Usually, writing a preview for an NFL game during the previous week's Monday Night Football game is a bit too early.
However, three things have forced me to be more anxious to write a preview for this Thursday's matchup between the Chicago Bears and the Miami Dolphins. One of those factors, obviously, is the fact that the game is to be played on Thursday.
Therefore, as much as I would like to savor the Bears' victory over Brett Favre and the Minnesota Vikings, I have to put my focus on the task at hand a little earlier than usual.
Another reason for the early preview is, well, the Eagles have already sealed the Monday night victory over the Redskins. The other, and perhaps most important, factor is a piece of breaking news that is very relevant to the upcoming game.
Due to injuries to Dolphin quarterbacks Chad Pennington and Chad Henne, Miami will start its third-string quarterback. His name is Tyler Thigpen.
Yes, Tyler Thigpen. Former quarterback of the mediocre 2008 Kansas City Chiefs.
Now, before Bears fans prematurely celebrate a second big victory in five days, there are a couple of things Chicago must do to make sure they leave South Beach with a win.
Contain the Dolphins' Running Game
In Chicago's win over the Vikings, the Bears' run defense held Minnesota to a total of 70 yards rushing. Adrian Peterson ran for only 51 yards on 17 carries.
It doesn't get any easier for the Bears' defense, as it faces Miami's running duo of Ronnie Brown and Ricky Williams.
If the Bears can shutdown the Dolphins' running game like it did the Vikings', it will force Thigpen to win the game for Miami.
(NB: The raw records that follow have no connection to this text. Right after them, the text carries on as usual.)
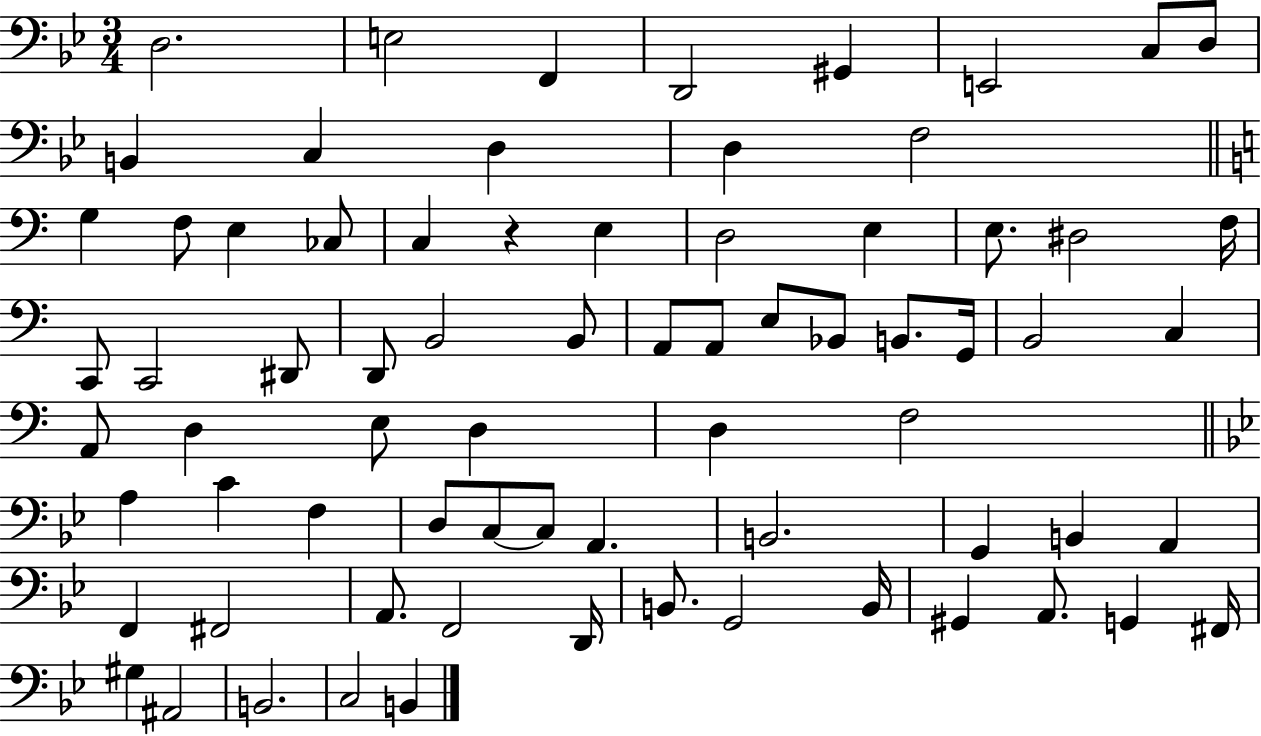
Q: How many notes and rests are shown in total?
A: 73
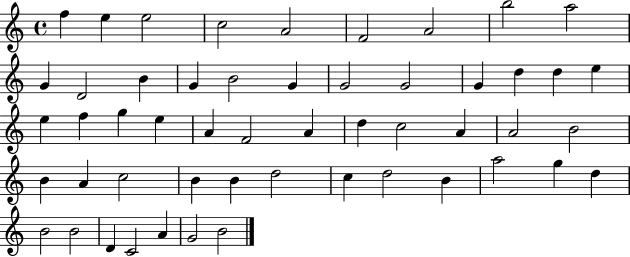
F5/q E5/q E5/h C5/h A4/h F4/h A4/h B5/h A5/h G4/q D4/h B4/q G4/q B4/h G4/q G4/h G4/h G4/q D5/q D5/q E5/q E5/q F5/q G5/q E5/q A4/q F4/h A4/q D5/q C5/h A4/q A4/h B4/h B4/q A4/q C5/h B4/q B4/q D5/h C5/q D5/h B4/q A5/h G5/q D5/q B4/h B4/h D4/q C4/h A4/q G4/h B4/h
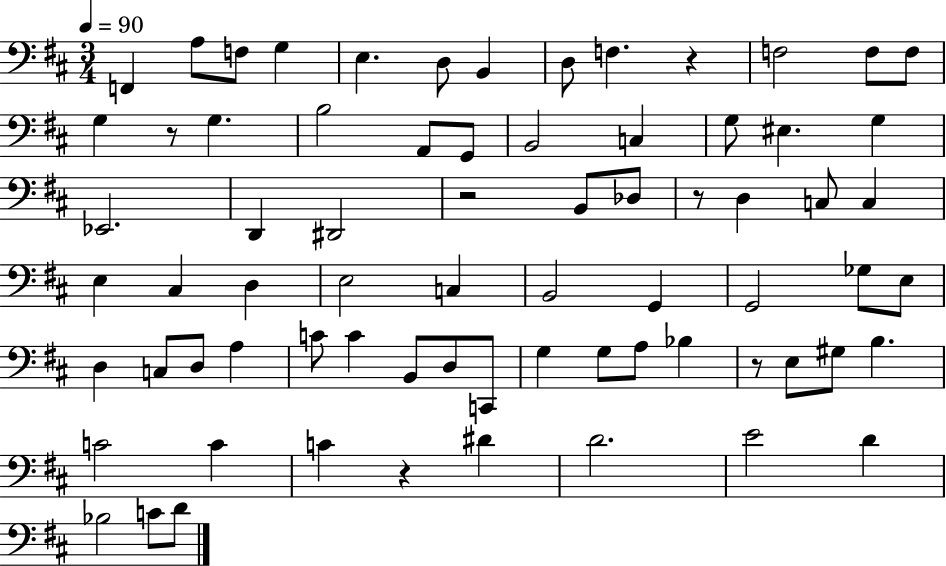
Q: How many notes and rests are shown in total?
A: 72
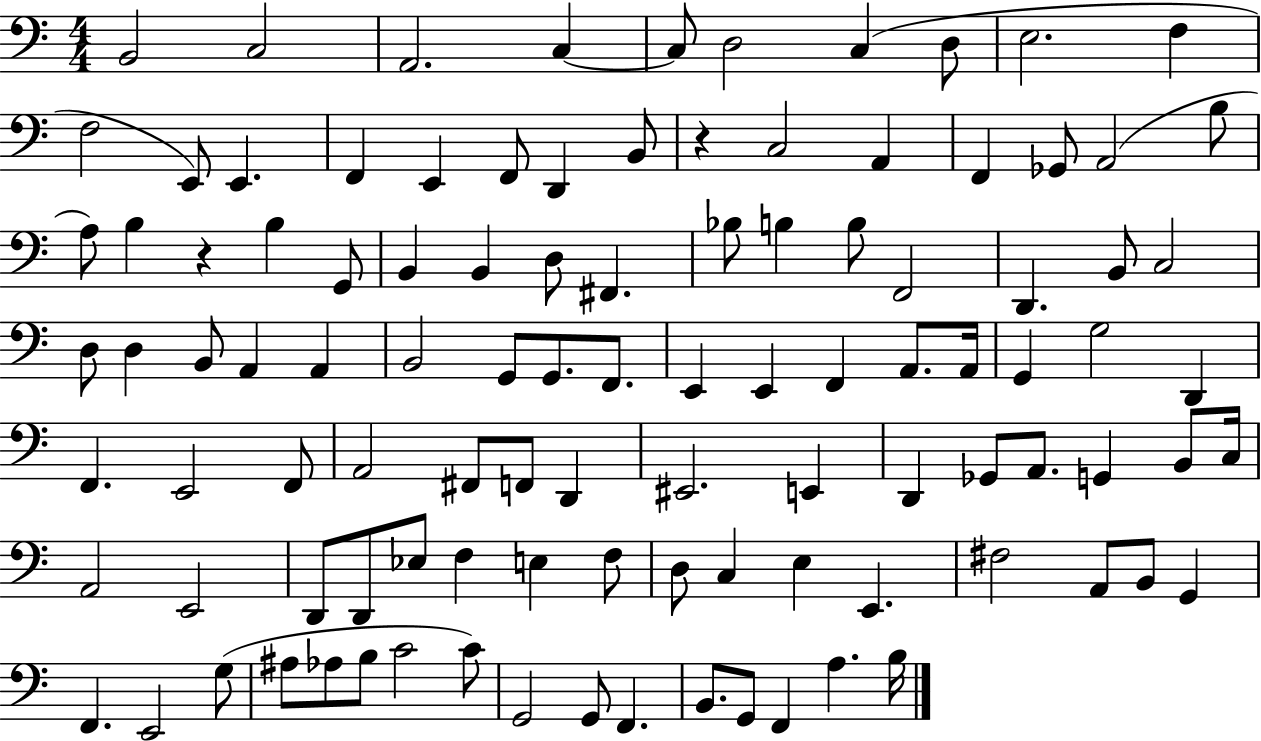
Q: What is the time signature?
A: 4/4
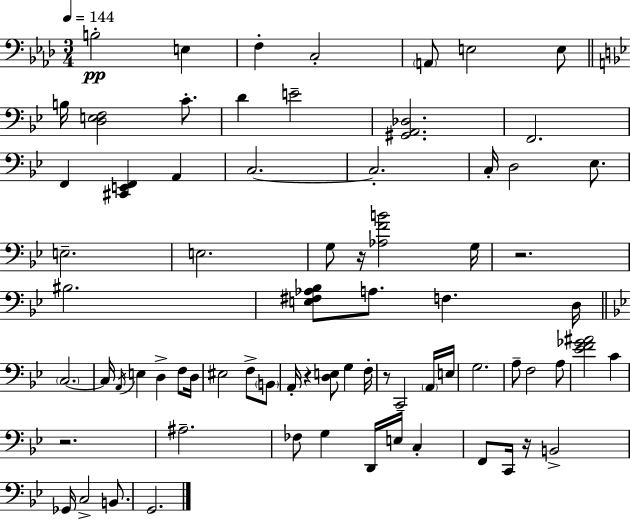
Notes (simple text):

B3/h E3/q F3/q C3/h A2/e E3/h E3/e B3/s [D3,E3,F3]/h C4/e. D4/q E4/h [G#2,A2,Db3]/h. F2/h. F2/q [C#2,E2,F2]/q A2/q C3/h. C3/h. C3/s D3/h Eb3/e. E3/h. E3/h. G3/e R/s [Ab3,F4,B4]/h G3/s R/h. BIS3/h. [E3,F#3,Ab3,Bb3]/e A3/e. F3/q. D3/s C3/h. C3/s A2/s E3/q D3/q F3/e D3/s EIS3/h F3/e B2/e A2/s R/q [D3,E3]/e G3/q F3/s R/e C2/h A2/s E3/s G3/h. A3/e F3/h A3/e [Eb4,F4,Gb4,A#4]/h C4/q R/h. A#3/h. FES3/e G3/q D2/s E3/s C3/q F2/e C2/s R/s B2/h Gb2/s C3/h B2/e. G2/h.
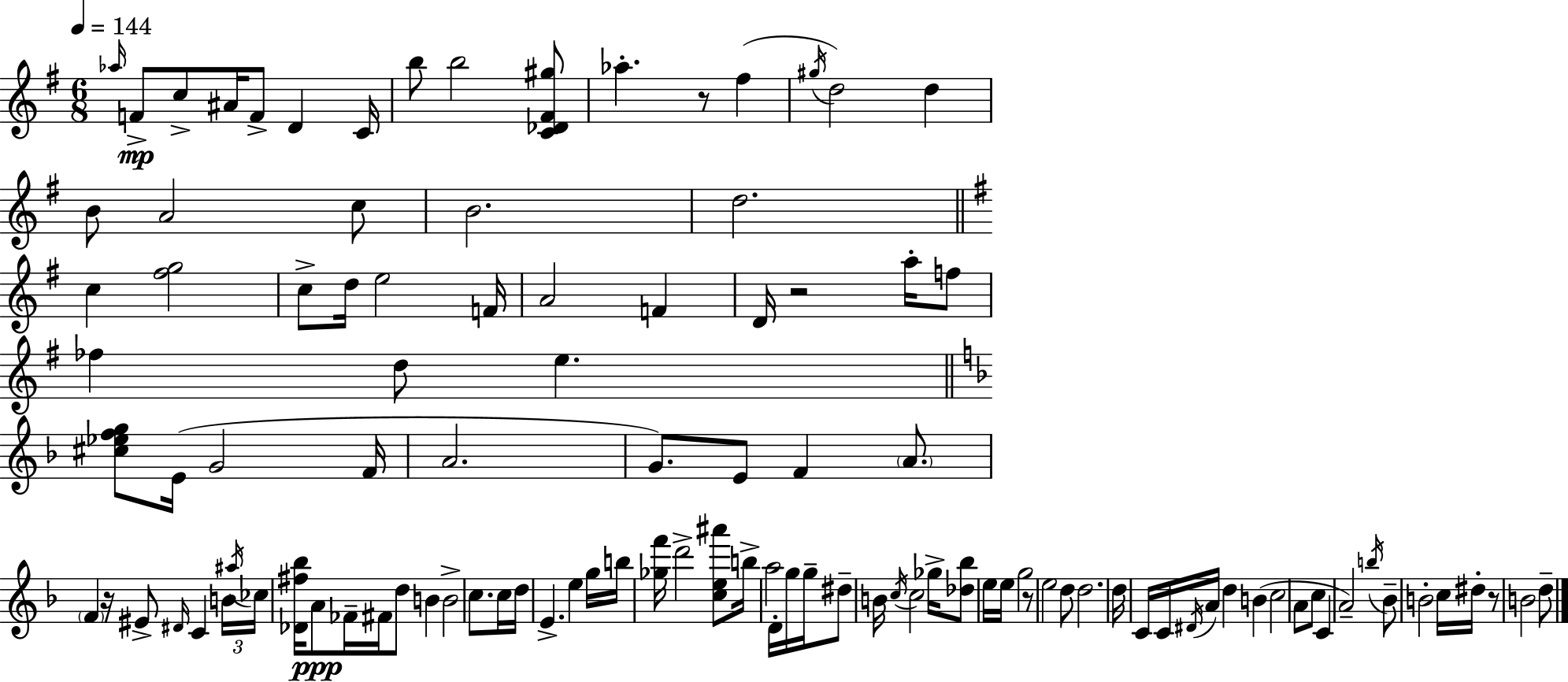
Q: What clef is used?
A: treble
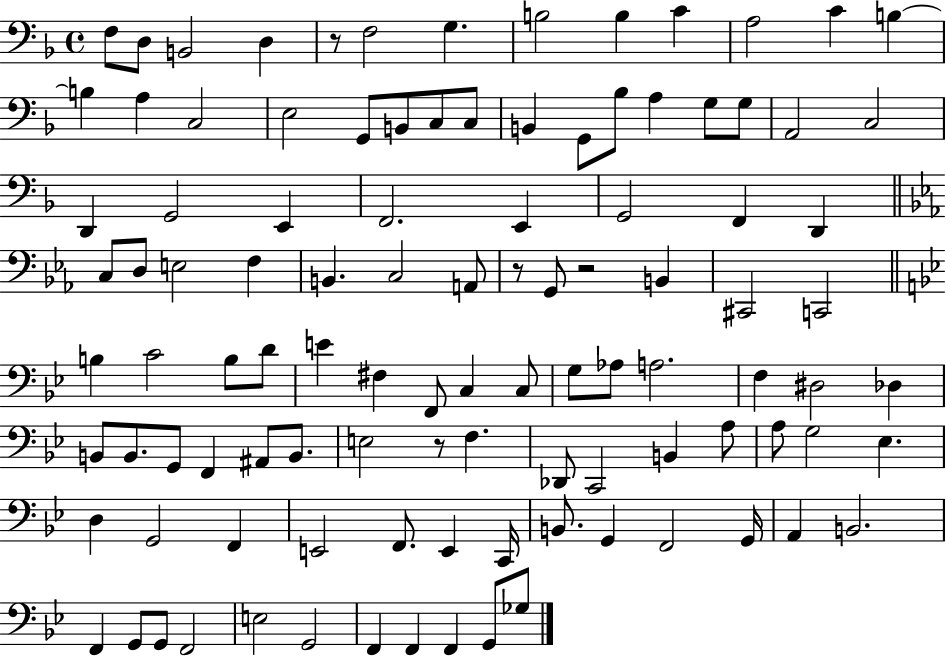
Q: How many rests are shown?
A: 4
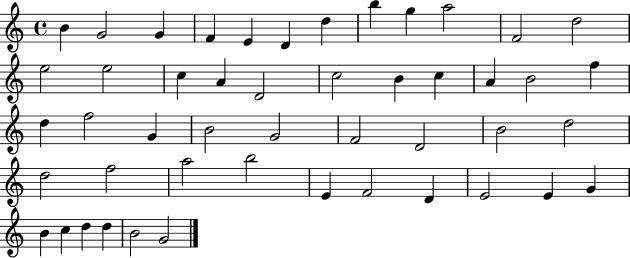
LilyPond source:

{
  \clef treble
  \time 4/4
  \defaultTimeSignature
  \key c \major
  b'4 g'2 g'4 | f'4 e'4 d'4 d''4 | b''4 g''4 a''2 | f'2 d''2 | \break e''2 e''2 | c''4 a'4 d'2 | c''2 b'4 c''4 | a'4 b'2 f''4 | \break d''4 f''2 g'4 | b'2 g'2 | f'2 d'2 | b'2 d''2 | \break d''2 f''2 | a''2 b''2 | e'4 f'2 d'4 | e'2 e'4 g'4 | \break b'4 c''4 d''4 d''4 | b'2 g'2 | \bar "|."
}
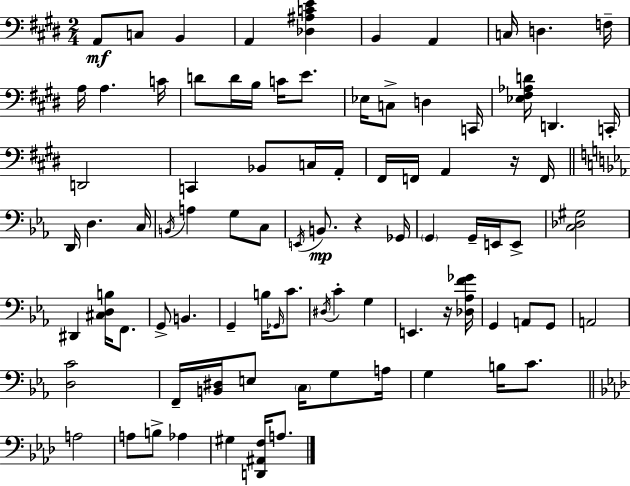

Brett Favre couldn't get Minnesota a win by himself, so there's no reason to believe Thigpen, who hasn't started an NFL game since 2008, will be able to do so either.
Keep Up the Balanced Offense
Considering Mike Martz's reputation as a pass-first offensive coordinator, I was impressed with his ability to mix some runs in his offensive game plan the past two games.
In Chicago's victory over the Buffalo Bills, Matt Forte and Chester Taylor combined for 24 rushing attempts, in comparison to Jay Cutler's 30 passes. In the Minnesota game, Forte and Taylor 21 and 11 times, respectively, while Cutler threw the ball 35 times.
Mixing in some runs has worked out for the Bears not only by giving Cutler more passing options as a result of defenses having to respect the running game. It also keeps the opposing offense on the sidelines.
If the Bears can win the time-of-possession battle against the Dolphins, it will help them win this game.